Source data
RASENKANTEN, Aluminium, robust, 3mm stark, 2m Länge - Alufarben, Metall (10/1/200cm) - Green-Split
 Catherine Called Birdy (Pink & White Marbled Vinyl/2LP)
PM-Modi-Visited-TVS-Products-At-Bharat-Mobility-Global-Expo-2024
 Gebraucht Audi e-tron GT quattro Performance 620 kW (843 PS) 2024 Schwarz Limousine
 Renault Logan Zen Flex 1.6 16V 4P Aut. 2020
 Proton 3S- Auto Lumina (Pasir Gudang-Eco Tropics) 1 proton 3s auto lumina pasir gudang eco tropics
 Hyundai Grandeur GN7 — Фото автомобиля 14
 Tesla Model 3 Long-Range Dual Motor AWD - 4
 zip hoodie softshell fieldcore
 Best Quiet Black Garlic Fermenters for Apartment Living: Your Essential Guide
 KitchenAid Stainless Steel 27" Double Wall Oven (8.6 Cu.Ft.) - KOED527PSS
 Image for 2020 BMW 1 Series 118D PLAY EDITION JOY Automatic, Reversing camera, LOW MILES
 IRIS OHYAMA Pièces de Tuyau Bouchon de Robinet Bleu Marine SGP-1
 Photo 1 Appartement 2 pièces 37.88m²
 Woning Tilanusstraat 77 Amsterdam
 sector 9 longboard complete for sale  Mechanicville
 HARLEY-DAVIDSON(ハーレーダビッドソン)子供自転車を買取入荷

**TASK BRIEF:**
Nothing but the lines above from the one containing "Tesla Model 3 Long-Range Dual Motor AWD - 4" through the one containing "KitchenAid Stainless Steel" should appear in the answer, each repeated exactly.

**RESULT FOR THIS TASK:**
 Tesla Model 3 Long-Range Dual Motor AWD - 4
 zip hoodie softshell fieldcore
 Best Quiet Black Garlic Fermenters for Apartment Living: Your Essential Guide
 KitchenAid Stainless Steel 27" Double Wall Oven (8.6 Cu.Ft.) - KOED527PSS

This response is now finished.